Convention collective nationale des entreprises de l'industrie et des commerces en gros des viandes du 27 juin 2018 (Avenant du 27 juin 2018)

En vigueur depuis le 01/12/2020En vigueur depuis le 01 décembre 2020

Voir le sommaire

Convention collective nationale des entreprises de l'industrie et des commerces en gros des viandes du 27 juin 2018 (Avenant du 27 juin 2018)

Article 32.2

En vigueur

Congé de maternité et d'adoption

a) Durée du congé

La salariée a le droit, sur justification par certificat médical, de suspendre son contrat de travail pendant une période de 16 semaines commençant 6 semaines avant la date présumée de l'accouchement et se terminant 10 semaines après la date de celui-ci.

Cette période est portée à 26 semaines commençant 8 semaines avant la date présumée de l'accouchement et se terminant 18 semaines après la date de celui-ci lors de la naissance d'un 3e enfant (ou au-delà de 3 enfants) :
– si la salariée elle-même ou le ménage assume déjà la charge de 2 enfants au moins dans les conditions prévues aux articles L. 525 à L. 529 du code de la sécurité sociale ;
– ou si la salariée a déjà mis au monde au moins 2 enfants nés viables.

Pour permettre une certaine souplesse dans la répartition des congés pré et postnatal, l'article L. 1225-19 du code du travail donne aux salariées concernées la possibilité de faire varier de 8 à 10 semaines la durée de leur congé prénatal, le congé postnatal étant alors réduit d'autant (de 18 à 16 semaines).

En cas de naissances multiples, la période de suspension prévue ci-dessus, soit 16 semaines, soit 26 semaines, est prolongée dans les conditions légales.

Si un état pathologique, attesté par certificat médical comme résultant de la grossesse ou des couches, le rend nécessaire, la période de suspension du contrat de travail prévue aux alinéas précédents est augmentée de la durée de cet état pathologique, dans la limite de 2 semaines avant la date présumée de l'accouchement et de 4 semaines après la date de celui-ci.
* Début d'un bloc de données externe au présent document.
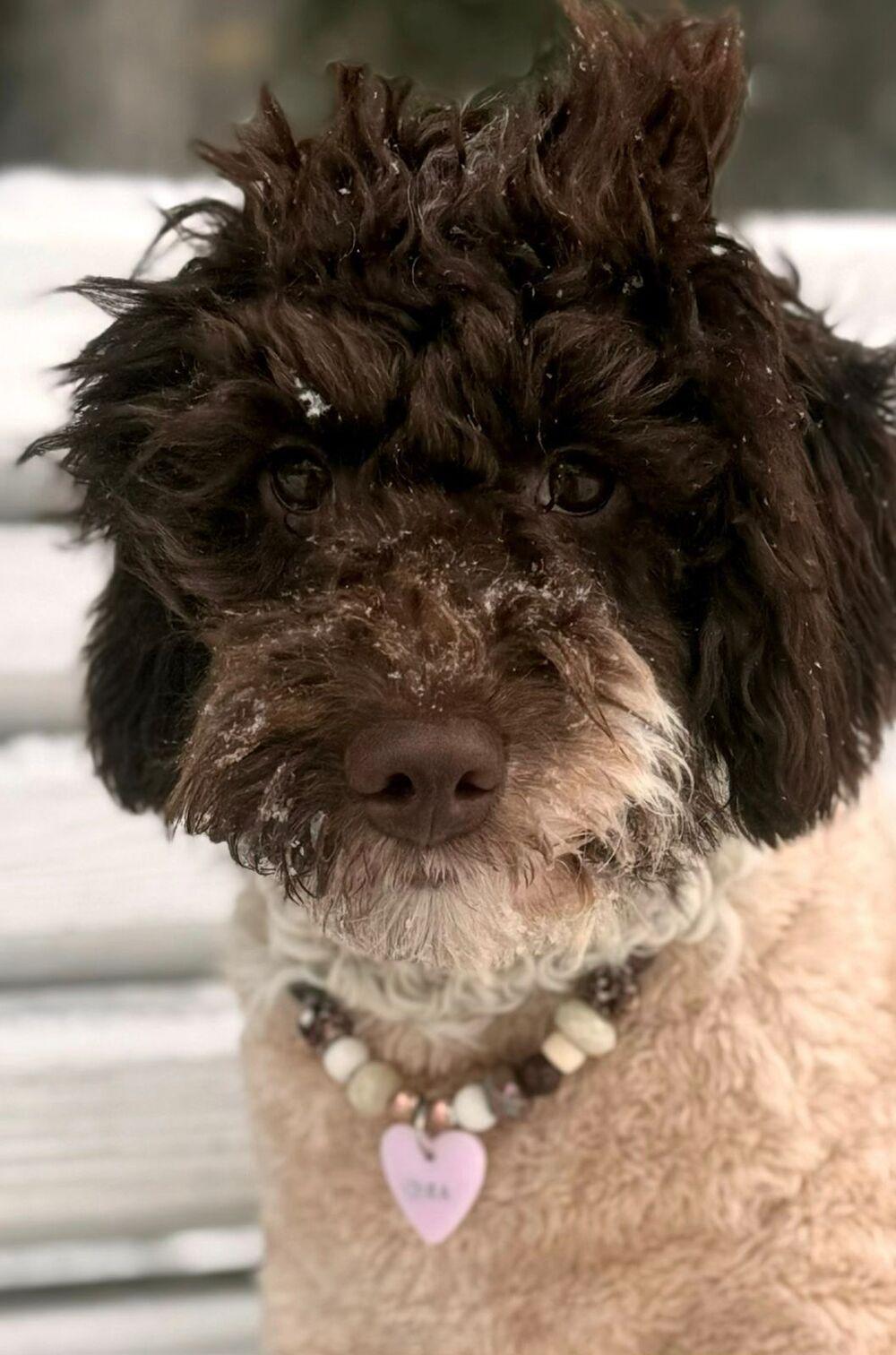 Фото Новосибирцы показали своих домашних питомцев в снегу 4 - Сиб.ФМ Фото Новосибирцы показали своих домашних питомцев в снегу 4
Prolongation du congé de maternité en cas de naissance prématurée

Lorsque l'accouchement intervient plus de 6 semaines avant la date prévue et exige l'hospitalisation de l'enfant après sa naissance, la période de suspension du contrat de travail, telle qu'elle résulte des dispositions légales, est prolongée du nombre de jours courant de la date effective de l'accouchement au début de la période de congé prénatal.

Lorsque l'enfant est resté hospitalisé jusqu'à l'expiration de la 6e semaine suivant l'accouchement, la salariée peut reporter à la date de la fin de l'hospitalisation tout ou partie du congé auquel elle peut encore prétendre.

Adoption

Le salarié à qui un enfant est confié en vue de son adoption a le droit de suspendre son contrat de travail pendant une période de 10 semaines au plus à dater de l'arrivée de l'enfant au foyer. Ce congé est porté à 18 semaines lorsque l'adoption porte à 3 ou plus le nombre d'enfants dont le salarié ou le foyer assume la charge, et à 22 semaines en cas d'adoptions multiples.

b) Indemnisation du congé de maternité

Les salariées comptant une année de service effectif dans l'entreprise auront droit, pendant toute la durée de leur congé de maternité légal ou de leur congé d'adoption légal, à des indemnités complémentaires dont le montant sera calculé de façon que, compte tenu des prestations journalières dues tant par la sécurité sociale que par un régime de prévoyance auquel participerait l'employeur, elles ne subissent pas de perte de rémunération.

c) Garanties d'évolution de la rémunération

En application des dispositions de l'article L. 1225-26 du code du travail, la rémunération de la salariée est majorée à son retour dans l'entreprise, des augmentations générales ainsi que de la moyenne des augmentations individuelles perçues pendant la durée de ces congés par les salariés relevant de la même catégorie professionnelle ou, à défaut, de la moyenne des augmentations individuelles dans l'entreprise.

En d'autres termes, les évolutions de salaire applicables aux salariés de l'entreprise ne peuvent être supprimées, réduites ou différées, en raison de la prise par l'intéressée d'un congé de maternité ou d'adoption.